Problem statement → The copy must run from the line containing "Zzzzz 17702516811000000400 —" through the final line of the records, both included, exactly as written. It should contain no pictures.

Provided information →

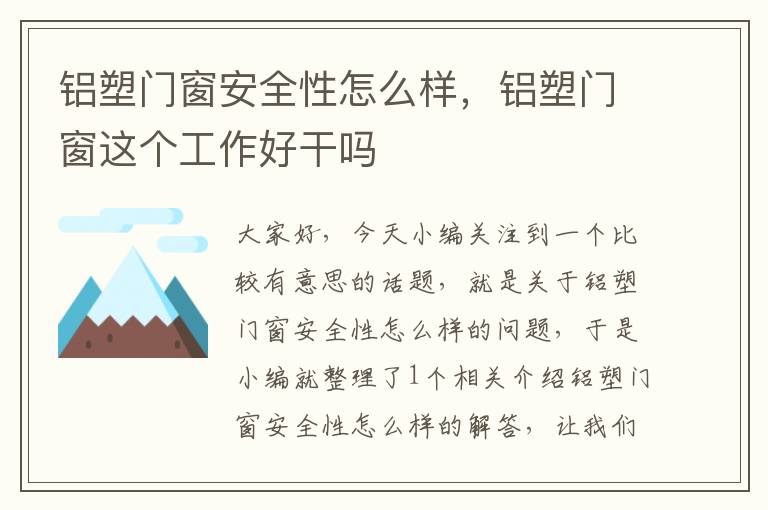 铝塑门窗安全性怎么样，铝塑门窗这个工作好干吗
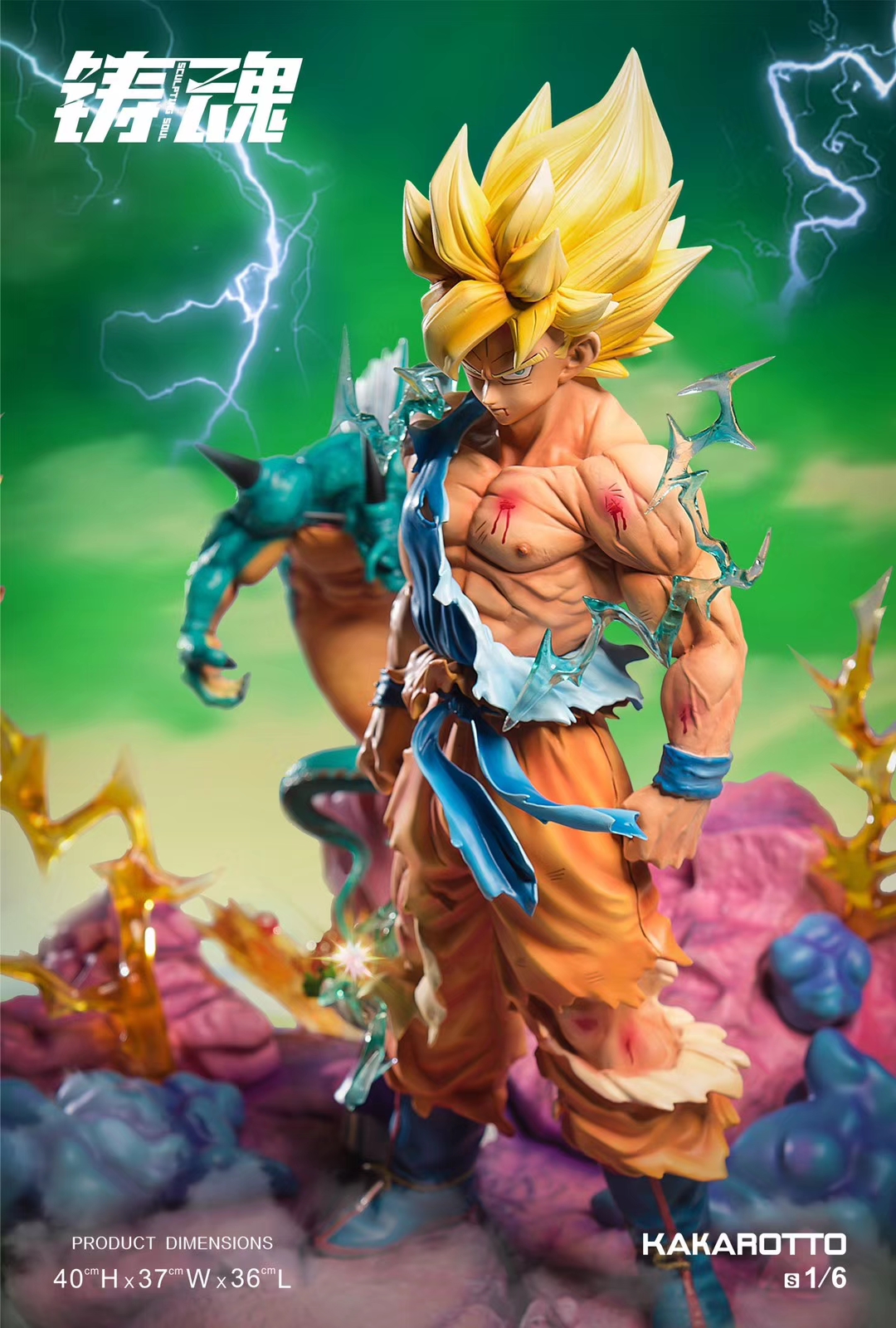 Sculpting Soul - Goku Kakarotto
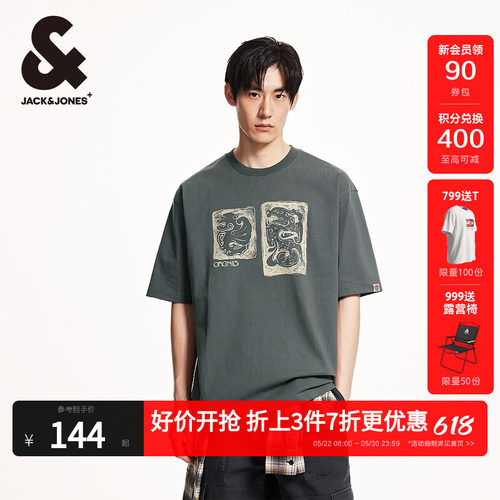 廓形版型 罗纹圆领领口 肩部撞色明线绗缝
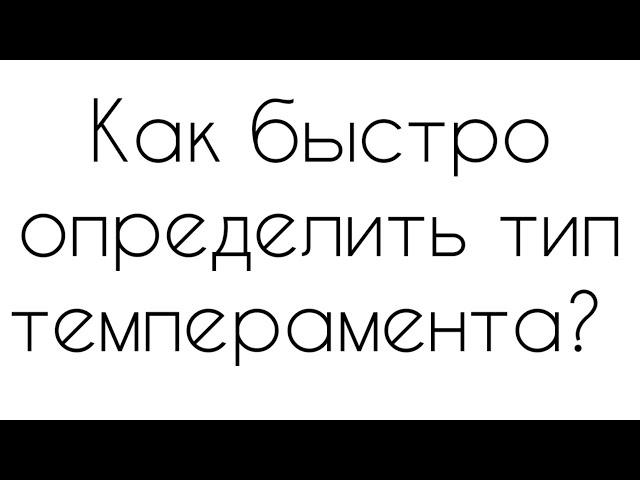 Как быстро и относительно точно узнать тип темперамента.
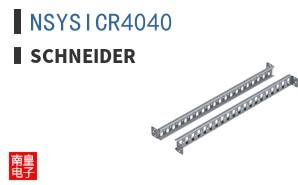NSYSICR4040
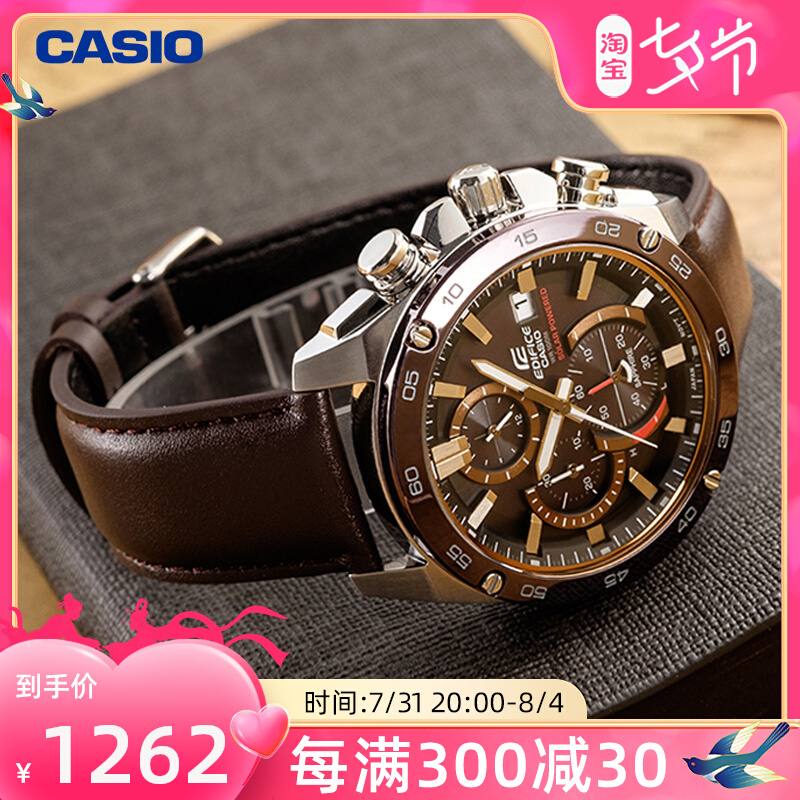 卡西欧手表男Edifice防水太阳能蓝宝石男表学生石英表EFS-S500BL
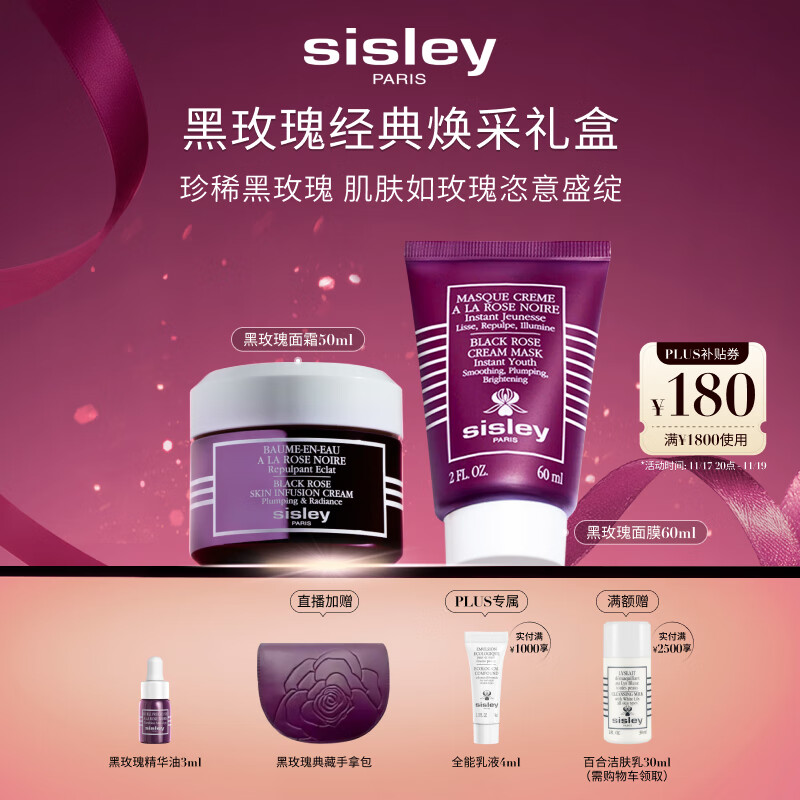 希思黎（Sisley）黑玫瑰经典焕采护肤品套装紧致护肤品送女友七夕情人节礼物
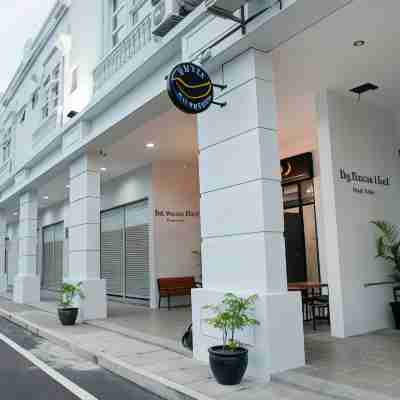 大香蕉飯店 Hotel Exterior
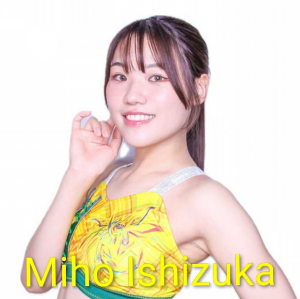 Zzzzz 17702516811000000400 — Definitive Joshi Tier List (250+ Wrestlers) option 239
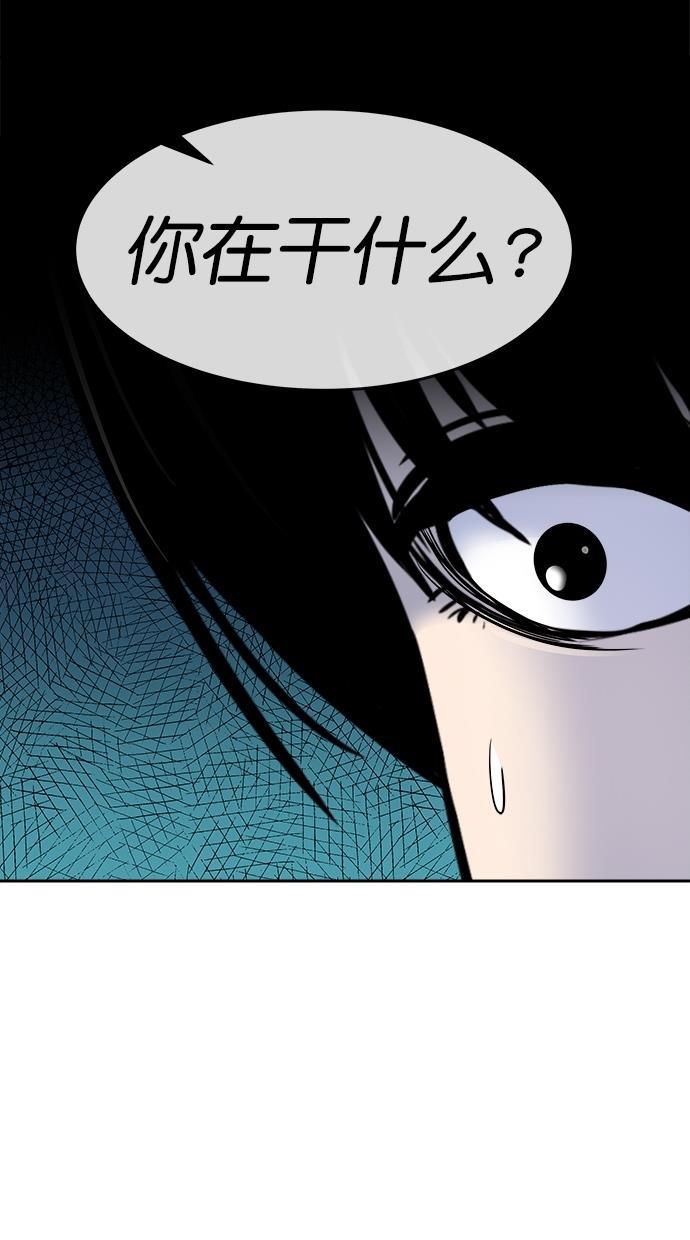 名门天后漫画韩漫全集-第三季 第38话 变性手术 [04]无删减无遮挡章节图片 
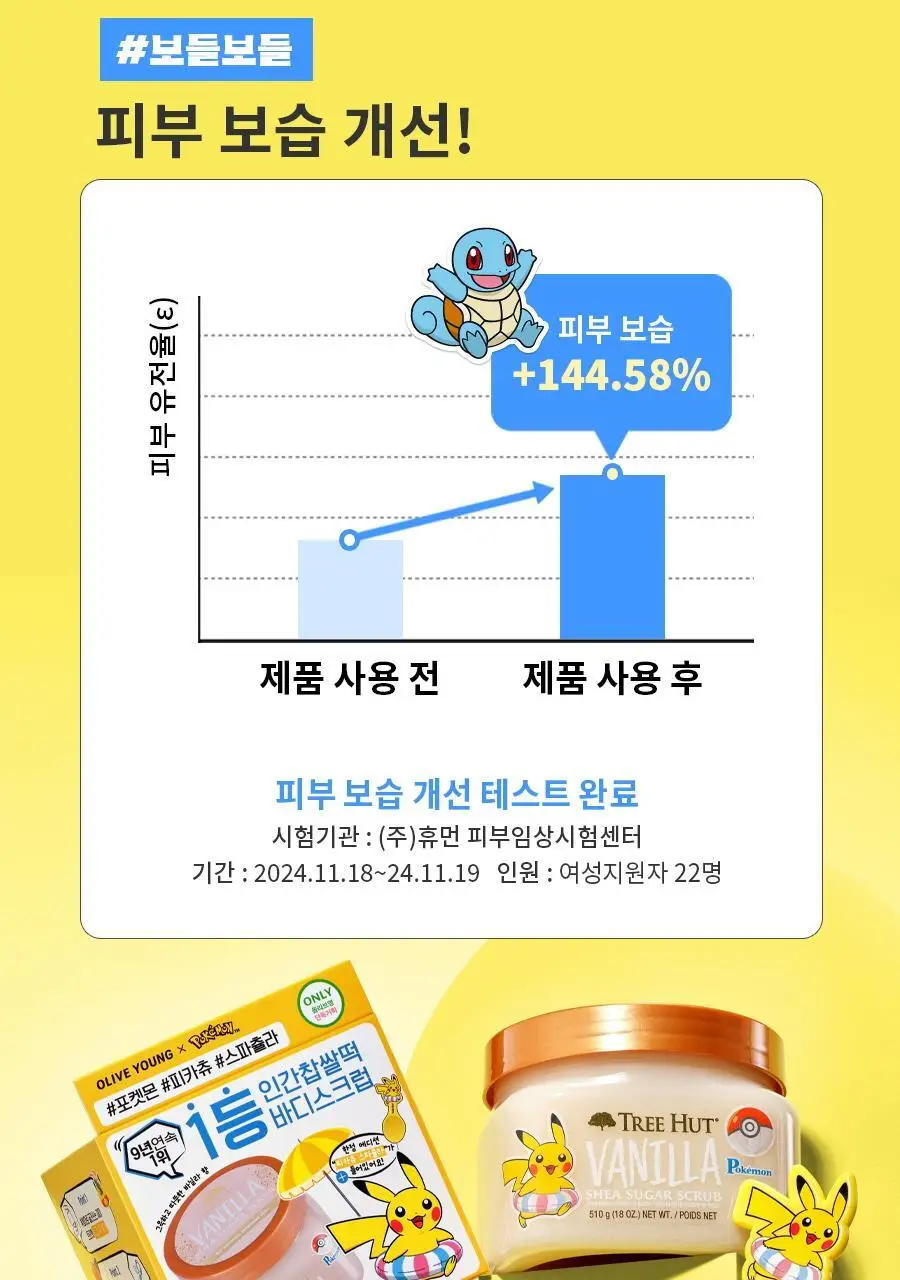 [포켓몬 에디션/5월 올영픽] 트리헛 시어 슈가 스크럽 510g 단품/포켓몬 에디션 기획 상세페이지 16
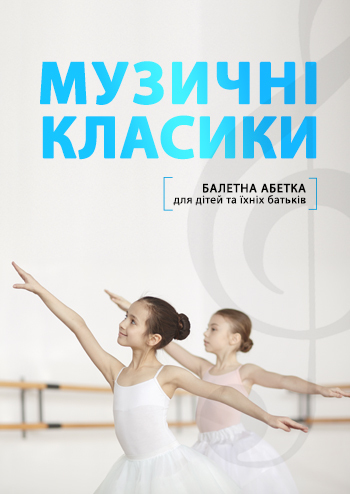 Балетна абетка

Answer to the exercise →
 Zzzzz 17702516811000000400 — Definitive Joshi Tier List (250+ Wrestlers) option 239
 名门天后漫画韩漫全集-第三季 第38话 变性手术 [04]无删减无遮挡章节图片 
 [포켓몬 에디션/5월 올영픽] 트리헛 시어 슈가 스크럽 510g 단품/포켓몬 에디션 기획 상세페이지 16
 Балетна абетка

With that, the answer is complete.